- Decades:: 1990s; 2000s; 2010s; 2020s;
- See also:: Other events of 2015 Years in Iran

= 2015 in Iran =

The following lists events that happened during 2015 in the Islamic Republic of Iran.

==Incumbents==
- President: Hassan Rouhani
- Vice President: Eshaq Jahangiri
- Supreme Leader: Ali Khamenei

==Events==
===February===
- February 2 – Iran's Fajr satellite is successfully placed in the orbit.

===May===
- May 7 – Ethnic Kurds riot in Mahabad following the unexplained death on 4 May 2015 of Farinaz Khosravani, a 25-year-old Kurdish hotel chambermaid. Khosravani fell to her death from a fourth-floor window of the Tara, the hotel where she worked. Anger mounted following reports that Khosravani died attempting to escape an Iranian official who was threatening to rape her. The rioters reportedly set fire to the hotel.

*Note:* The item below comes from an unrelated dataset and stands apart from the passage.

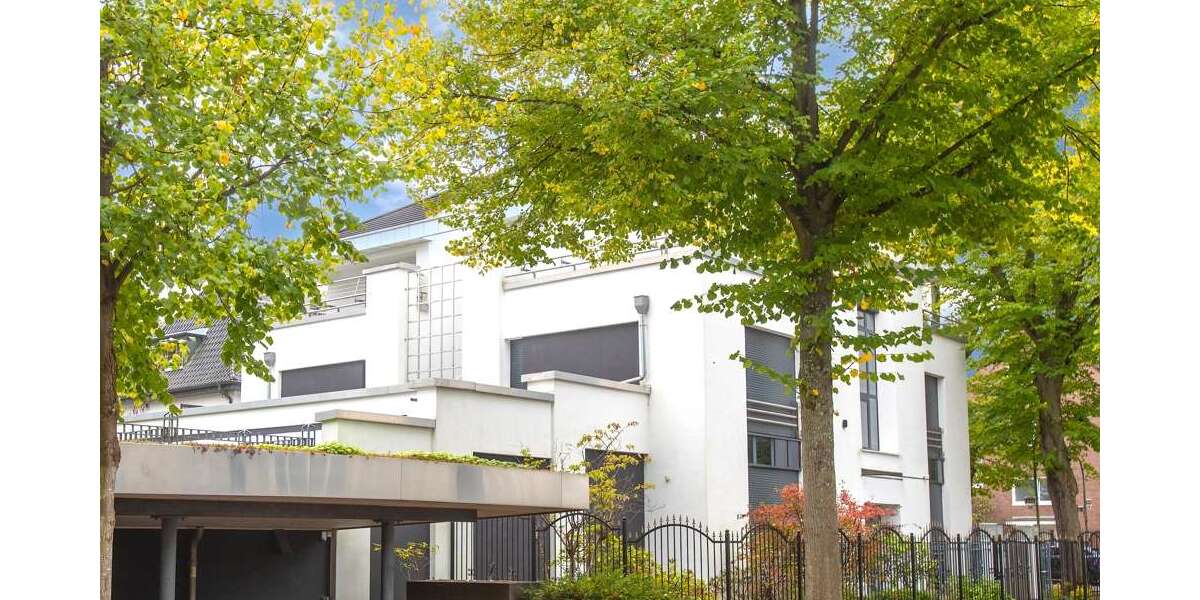 Haus zum Kaufen in Düsseldorf 3.300.000 € 700 m² 13 zimmer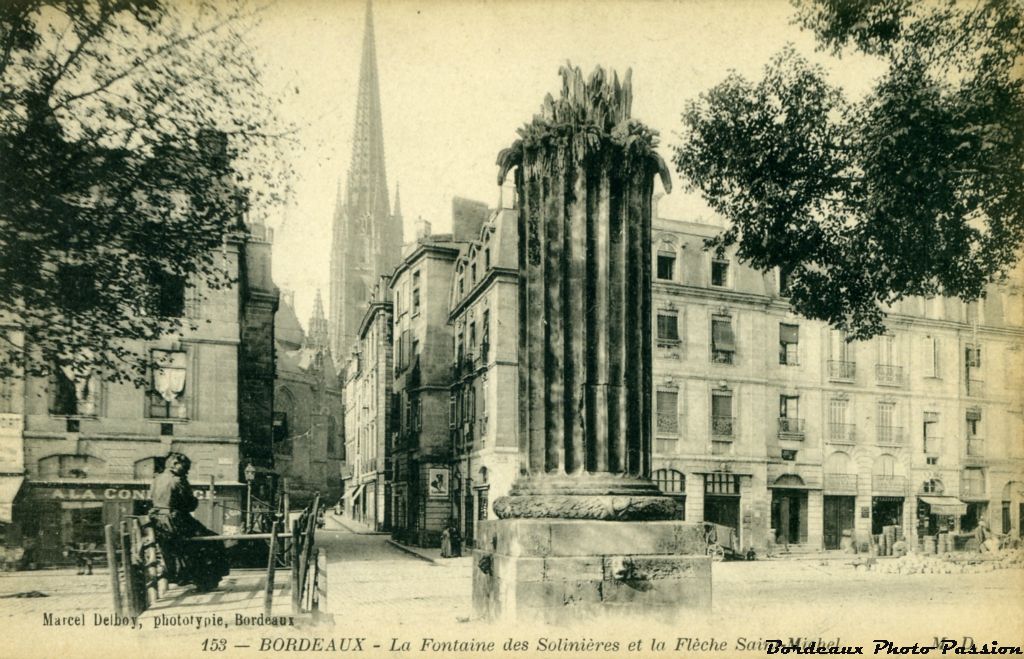 Au XVIIIe siècle, la fontaine crachait de l'eau souillée par les eaux usées ou bien de l'eau saumâtre lors des grandes marées.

Unrest and violence spread to other Kurdish cities in Iran.

===July===
- July 14 – Iran agrees to long-term limits of its nuclear program in exchange for sanctions relief.

===November===
- November 26 - Tasnim News Agency starts publishing all content on its website under the Creative Commons Attribution 4.0 International license.